|Baluji Shrivastav in the Grand Union Orchestra|
Photo Credit: Roger Thomas
Grand Union Orchestra Dir. Tony Haynes. If Paradise…
(Queen Elizabeth Hall, September 25th 2011. Review by Adam Tait)
Tony Haynes, composer and the Director of the Grand Union Orchestra, describes If Paradise… as ‘a kind of musical journey – but through emotions’, and there is indeed a constant sense of progression in the music.The narrative develops, not just through lyricism and theatricality, but also in the interplay between the contrasting English and Bengali voices, and mirrored in the interaction of the various instruments.
The recurring themes of spirituality and war, which are consistently explored and expressed, are mirrored in the recurrence of sitar and trumpet dominance. The story telling, with its powerful images drawn from religion and war support the music, and vice versa.
If Paradise… deals well with emotional peaks and troughs of lament and celebration. The music is pulled by such conflicting tendencies throughout, at times indulging in wild improvisation before delving back in to driving, pulsating rhythms. Serene calmness contests with frantic energy. Far from making the music awkward or mismatched, the divergence and contrast captivatingly adds to the sense of an emotional journey.
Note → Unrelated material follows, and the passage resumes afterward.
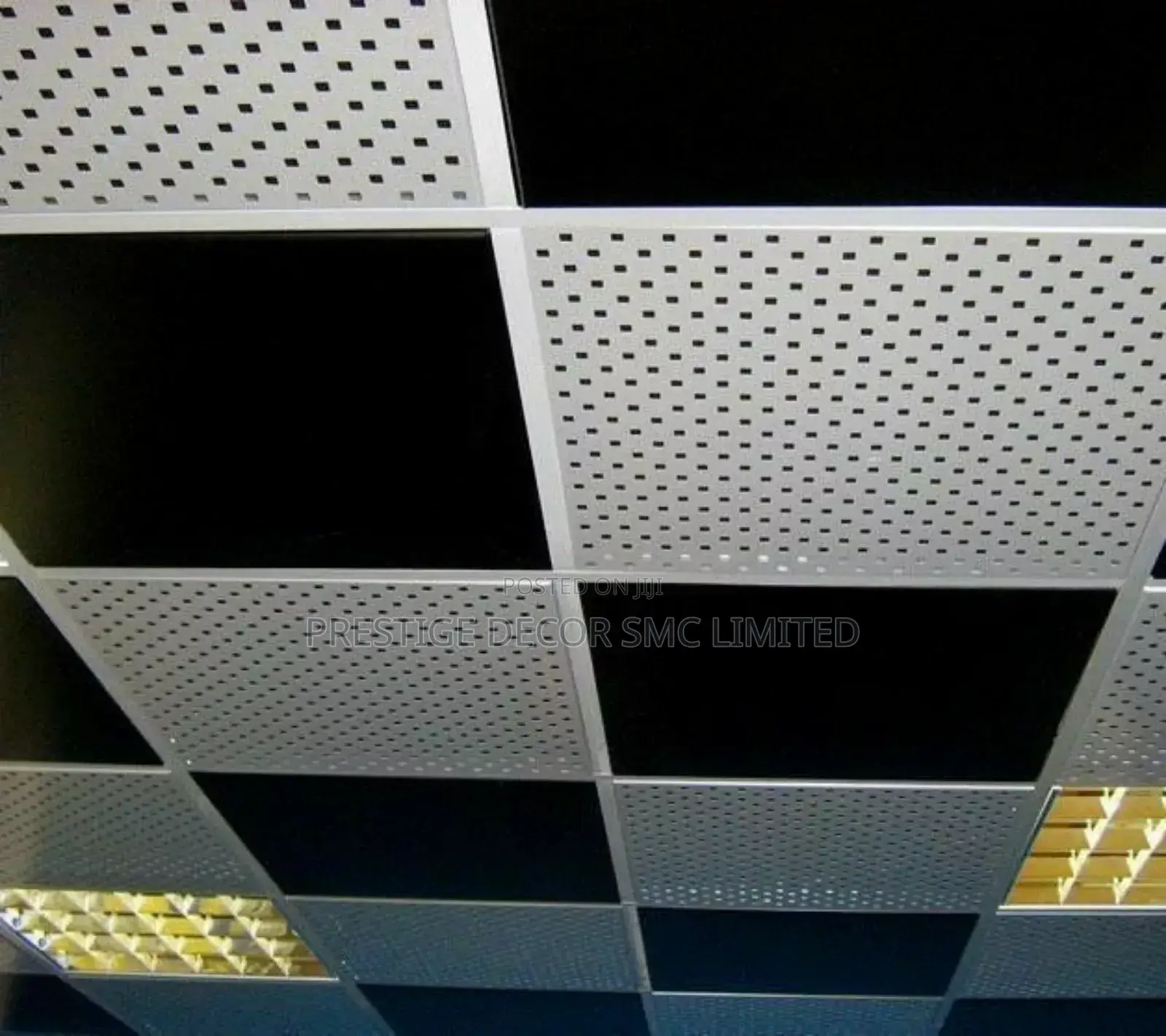 Black en White Suspended Ceiling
The Grand Union Orchestra is a tremendous coming-together of world music, spanning continents both in personnel and artistic influence. Even more impressive is the effortless slide between these different musical cultures. Pieces built around Indian ragas or West African drum pattern quickly turn in to snappy, bristling jazz rhythms, all controlled in unforced stylishness by drummer Brian Abrahams .
The musical narrative is carried alternately by blasting brass and shimmering sitars. Paul Jayasinha and Kevin Robinson on trumpet provide musical focal points with dazzling and soaring blasts. The exchange between the alternating traditions is delicately balanced and carefully planned. This is more than a little down to the fantastic talent pool from which the Orchestra sources its members, comprised of musicians from around the world, including Uruguay, Ghana, South Africa, Bangladesh and England, all of whom display vast virtuosity through out Claude Deppa’s striking trumpet solos and energetic struts around stage, and the tranquilly seated blind sitar player Baluji Shrivastav, balanced and entirely immersed in the music. His calm presence, juxtaposed against the feverish bursts of animation from the drum kit, is the image which will stay longest in the mind.